# Question on the word " commits" and " practices sin" in 1 John 3:4-10



## MarquezsDg (Jul 26, 2011)

I was at a bible study last night and we were reading this passage. First off I do acknowledge that Christians still sin while we are still on this planet " 1john 1:8-10"

My question was the person leading was reading out of the NASB in which his v.4Everyone who practices sin also practices lawlessness; and sin is lawlessness.

My NKJV says " Whoever commits sin also commits lawlessness and sin is lawlesness."

and because Im clueless in greek i asked if the word commit in greek was the same as practice. He said yes, however when i got home and looked it up on my logos it wasnt. Also in the NKJV the word practice does appear in v.7 so my question is why in the NKJV would it show up in v. 7 but not in v.4 like it does in the NASB?
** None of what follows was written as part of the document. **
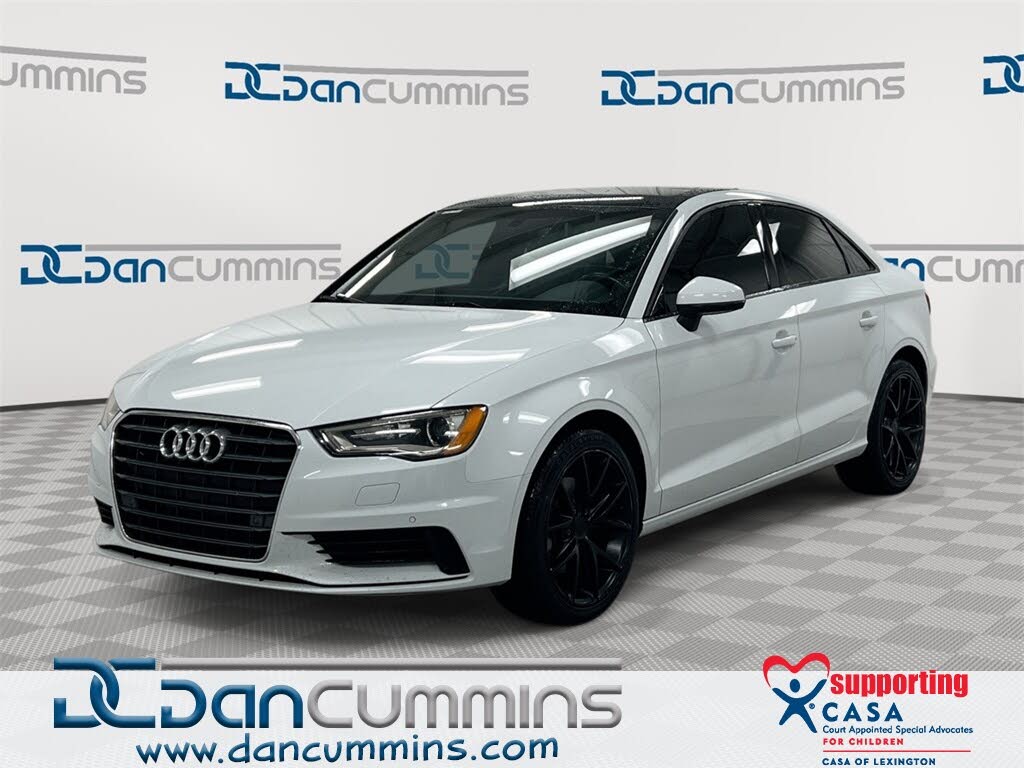 2016 Audi A3 2.0T quattro Premium Sedan AWD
Not sure if i put this in the right thread. anything would help. 

God bless.


----------



## Contra_Mundum (Jul 26, 2011)

1Jn 3:4 Πᾶς ὁ *ποιῶν* τὴν ἁμαρτίαν καὶ τὴν ἀνομίαν *ποιεῖ*, καὶ ἡ ἁμαρτία ἐστὶν ἡ ἀνομία.
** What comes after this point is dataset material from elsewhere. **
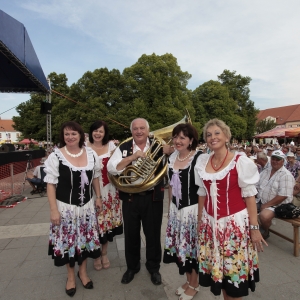 Ivana Jelínková, Ivana Zbořilová, Ladislav Kubeš, Blanka Tůmová, Ivana Ročková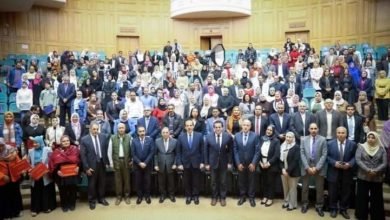 عبدالغفار يُكرم الفرق الطبية المشاركة بحملة التطعيمات المحدودة ضد شلل الأطفال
In a hyper-literal rendering: Every one *practicing* the sin even the lawlessness he is *practicing*, and the sin it is the lawlessness.
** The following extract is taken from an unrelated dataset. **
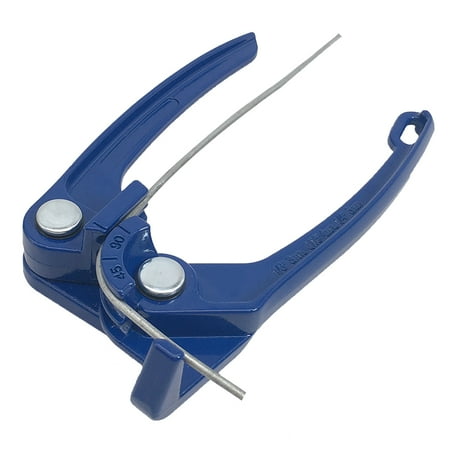 

Nishuna 1/8 3/16 1/4 Pipe Bender Oil Brake Pipe AC Refrigerant Pipe Line Bending Pipe Brake Pipe Oil Pipe for Trucks Automotive Vehicle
This verse has no well-attested variants.

The verb poieo, means (basically) to make or to do. So, the glosses "practice" or "commit" sound much more correct in our English idom. "Doing sin" might work, however, the tense and voice of the verb forms are present-active, and "doing" may not convey in this place the _habitual_ sense of the Gk., as well as "practicing" does, which term sounds more like a habit.


----------